An early start this morning – well for the crew anyway as they let us lie in and they left Deception about 4am. We got up and joined them at a more sociable time as we sailed south from Deception Island across the Bransfield Strait to the southern end of Trinity Island. We sailed a lot of the way under mizzen and staysail, but around lunchtime the wind dropped a bit and the engine went on for the final few hours. We anchored in Mikkelsen Harbour around 4pm – an open harbour surrounded by rocks and with the coast of Graham Land to the south.

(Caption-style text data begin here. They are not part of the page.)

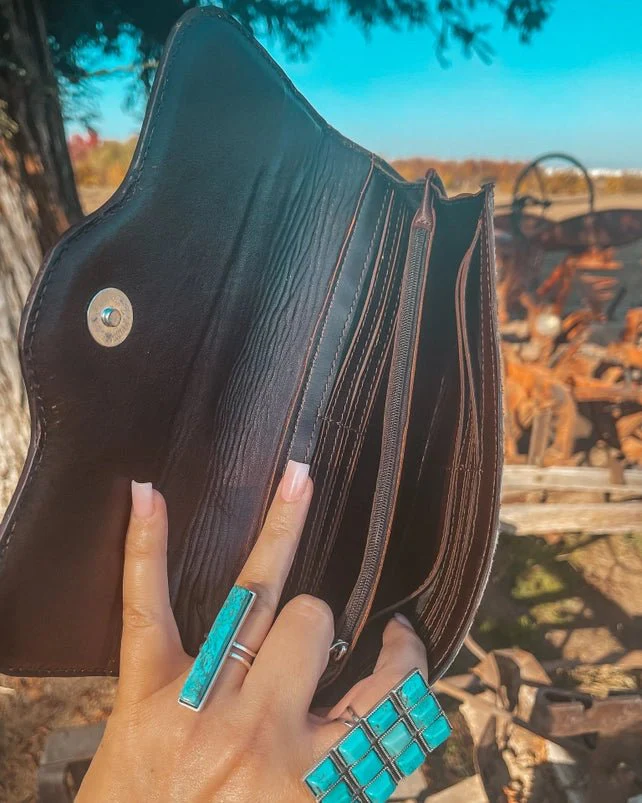 Jessie Jane Hide and Tooled Wallet in Brown by Haute Southern Hyde - Image 3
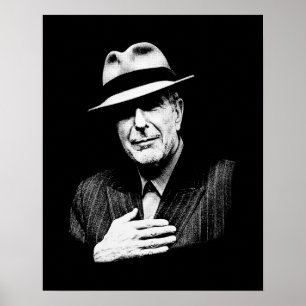 Affiche Leonard Cohen - Black and White Music Legend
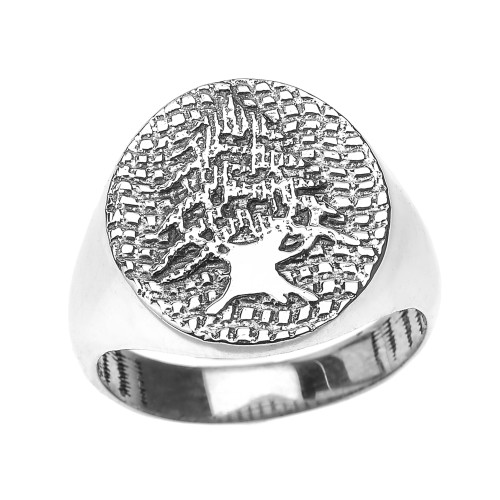 Sterling Silver Lebanese Cedar Tree Men's  Ring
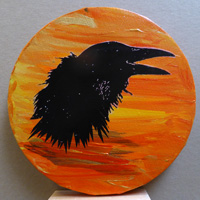 Zeefdrukschilderij Crow#1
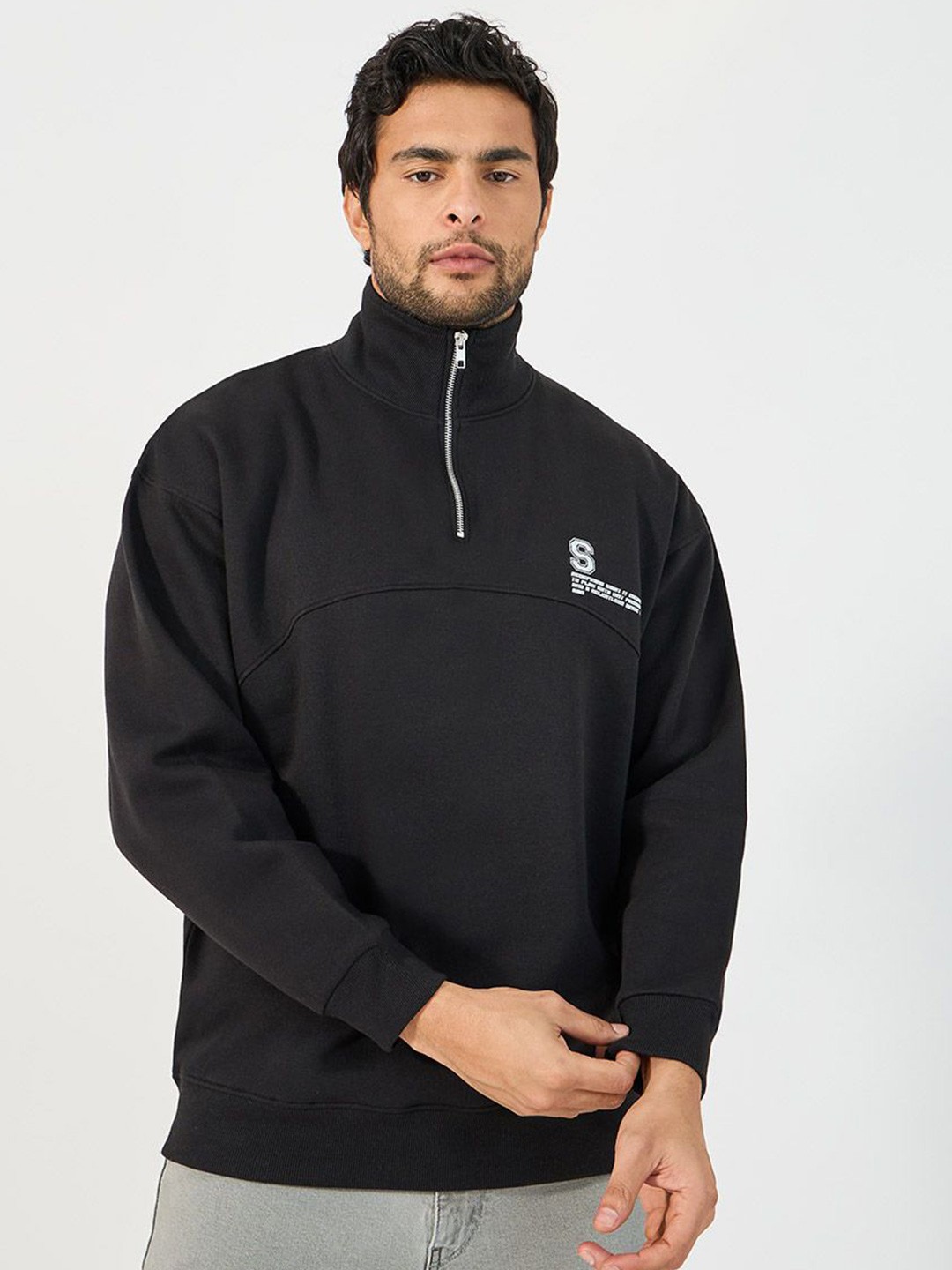 

Styli Black Quarter Zip Chest Print High Neck Long Sleeves Boxy Fit Heavy Sweatshirt
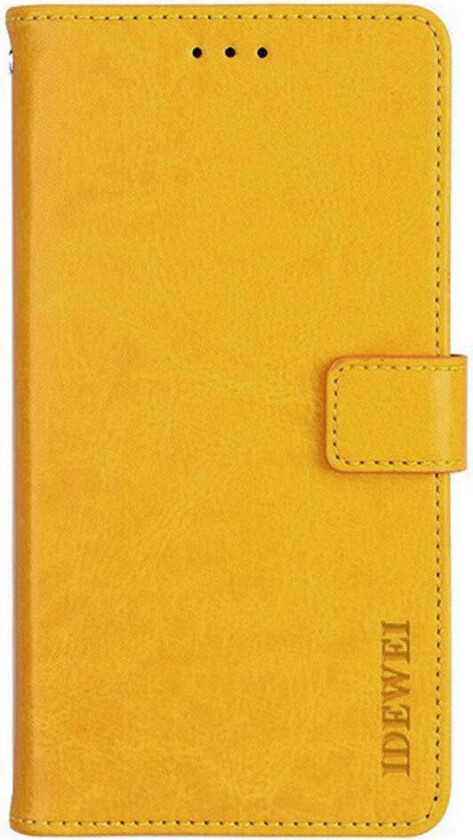 iPhone 16 Pro Max Kunstskinn Flip Deksel m. Lommebok & Stativfunksjon - Gul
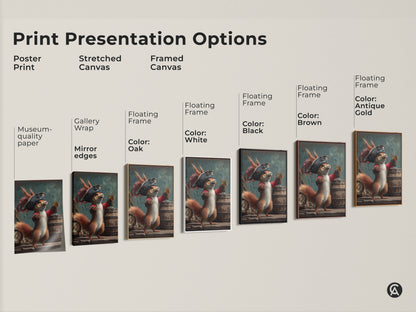 Explore print presentation options for the pirate squirrel art. Choose from poster prints stretched canvas and framed canvas. Each option showcases the whimsical fantasy artwork. Perfect for eclectic animal wall decor. Find the ideal rum lover gift art for any space.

A small cruise ship – the Ushaia – was already anchored further inshore and disgorging passengers in Zodiacs, so we waited until just after 5pm to get in the dinghy to have a look round. We took the long way round past the islands and glaciers, getting a close look at the incredible blue of the glaciers as we went slowly past. We looked in vain for leopard seals. They apparently frequent the area as there is a large gentoo penguin colony and so this is a favourite hunting ground for them. However, none were to be seen today. Good for the gentoos, not so good for us, but it didn’t seem to matter as the haunting beauty of the ice all around was sufficiently captivating. The scenery is starting to change to be much more heavily snow-covered and the white surroundings increase the intensity of the early evening light.

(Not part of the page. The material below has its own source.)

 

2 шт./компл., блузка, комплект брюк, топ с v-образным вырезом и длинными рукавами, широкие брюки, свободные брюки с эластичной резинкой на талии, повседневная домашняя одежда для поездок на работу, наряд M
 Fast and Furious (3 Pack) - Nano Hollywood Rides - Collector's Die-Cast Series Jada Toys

Shortly after 6pm the last of the Ushaia Zodiacs had left the shore, but just as we were heading in, a loud rumble and splash heralded the collapse of a chunk of ice from the end of the nearby glacier, so we waited for the waves from that to dissipate before beaching the dinghy. On the beach we were greeted by the distinct aroma and sounds of a large gentoo penguin colony. There were also sheathbills just wandering around on the beach, seemingly completely oblivious to us. We wandered through the snow, past the remains of an old water boat, and up the hill towards an old Argentinian refuge hut, now more or less derelict with the surrounds completely taken over by gentoos. On the way we had to watch carefully, following the penguin green cross code looking left and right, as we crossed the paths they used as they walked purposefully backwards and forwards between their colonies and the water. The paths were fairly narrow and there always seemed to be a period of confusion when they met with a hesitant face-off before they worked out how to pass each other, much like people meeting and each ducking left or right together before coordinating themselves to pass on the pavement.
After an hour or so taking it all in, we headed back aboard for dinner and during the night each took on an hour of ice watch, just watching every ten minutes or so for any larger chunks of ice being swept into the anchorage. I poled a couple of small chunks off during my hour, but nothing substantial at all.